Biochemistry deals with the study of the complex and simple chemical processes that occur inside a human body, and the various biochemical elements involved in these processes. This branch of chemistry refers to the vital chemical mechanisms, which are underlying the routine physiological activities in our day-to-day life. Biochemistry is used to study the biochemical processes in plants, animals, microorganisms, as well as in human beings. Provided below are the basic concepts in this field.
- Earliest references to the field of biochemistry have been spotted approximately 400 years. Although the use of this term was seen in 1882, Carl Neuberg first proposed it in 1903.
- Some of the basic bio-molecules studied in this field are broadly categorized as small molecules, monomers, and polymers. Basically the smaller molecules can be conglomerated into monomers, which in turn if combined with other monomers can form polymers.
- Some of the basic biomolecules include lipids, phospholipids, glycolipids, sterols, vitamins, hormones, and carbohydrates. Lipids are fat-soluble that are important for energy storage, and are also essential as structural components of cell membranes. Lipids are divided into eight categories, which are fatty acyls, glycerolipids, sphingolipids, glycerophospholipids, saccharolipids, polyketides, sterol lipids, and prenol lipids. Vitamins are organic compounds that cannot be synthesized in adequate quantities by the organism, but have to be acquired from the diet.
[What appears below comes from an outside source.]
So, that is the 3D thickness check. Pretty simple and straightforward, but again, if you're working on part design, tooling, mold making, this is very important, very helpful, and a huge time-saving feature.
Vitamins have various biochemical functions that are of prime importance for the living organisms. Vitamins act as hormones, anti-oxidants, cell-signaling mediators, as well as regulating the cell and tissue related growth and differentiation.
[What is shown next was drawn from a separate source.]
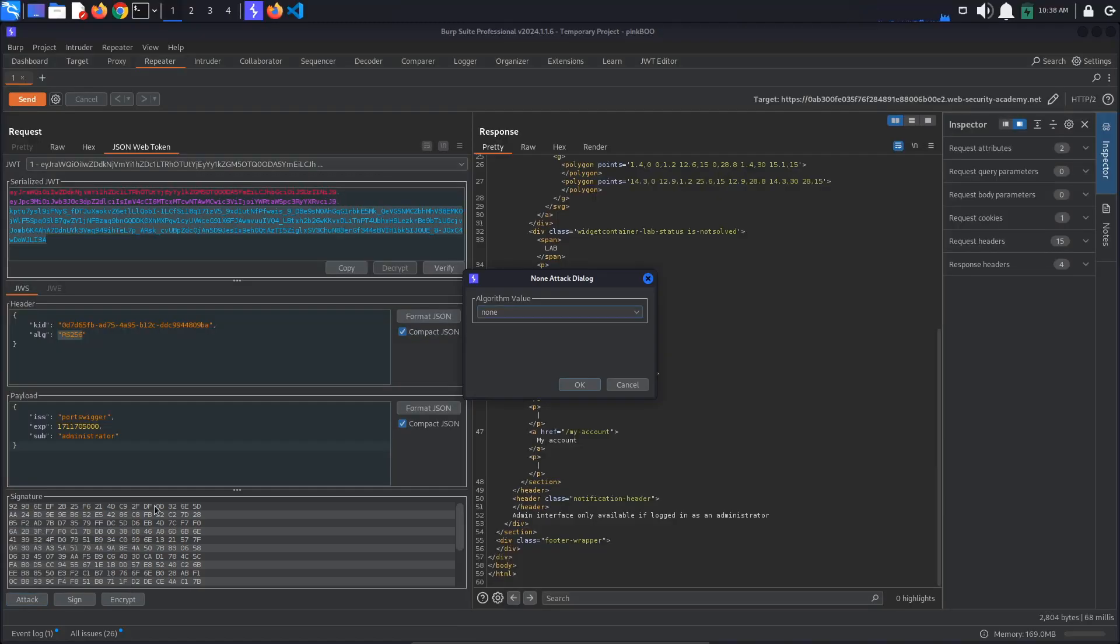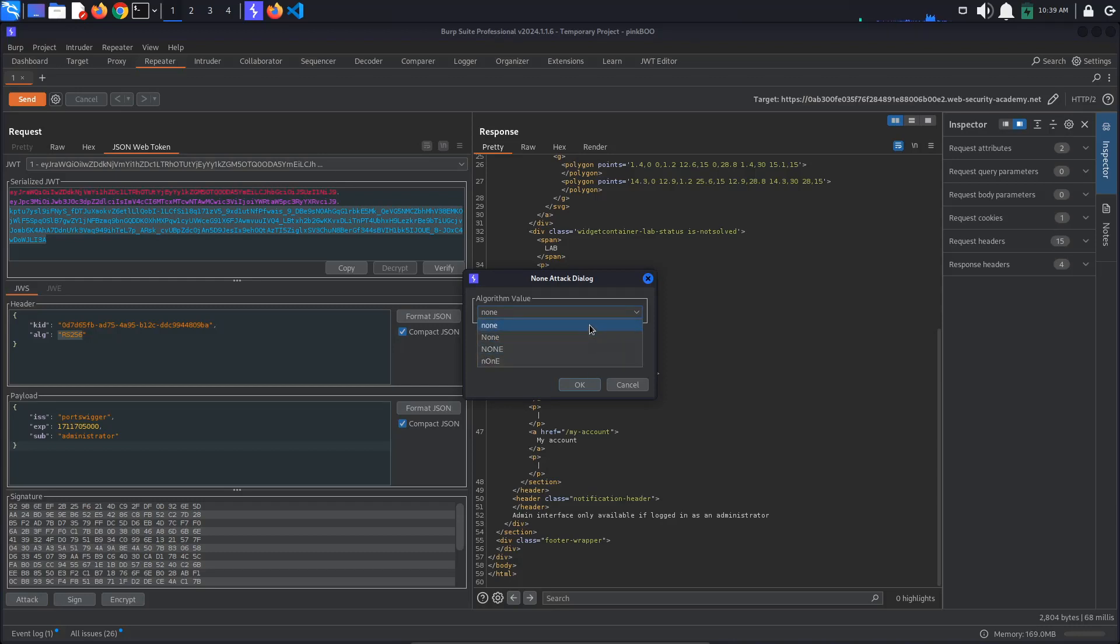In the window that pops up, we have some options of mixed capitalization we could try if the all lowercase none does not work. This could help bypass some filters put in place on the server to reject tokens with no signature. We will just use the first option, so the all lowercase none. Click OK.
- Hormones are chemicals that are signal carriers between cells cell via the blood stream. These messengers are classified as endocrine and exocrine hormones depending on the site of their secretion. The former are those that are secreted directly into the bloodstream, whereas the latter are secreted into a duct, from where they are transported to the target organ. Carbohydrates are nothing but the basic sugars or simple organic compounds, which are responsible for the storage and transport of energy, and also act as structural components.
- Enzymes are other vital biomolecules that are proteins, which act as catalysts in the various chemical reactions. Enzyme activity can be controlled by certain specific chemicals, which are categorized as enzyme activators that initiate and accelerate their activity, and the enzyme inhibitors that retard this activity.
- Monomers include various biomolecules like amino acids, nucleotides, phosphates, and monosaccharides. Amino acids are the building blocks of proteins. Besides this, twenty standard amino acids are used by cells in protein biosynthesis. The amino acids are joined by a peptide bond during protein formation. Nucleotides are the structural units of RNA and DNA. A nitrogenous base, sugar, and the presence of one or more phosphate groups are the basic characteristics of nucleotides. The two major groups of nitrogenous bases include purines and pyrimidines. Phosphates are nothing but phosphoric acid salts, which are important biomolecules. The group of monomers also includes single sugars called monosaccharides, which cannot be broken down into simple sugars, and are generally colorless, crystalline, and water-soluble.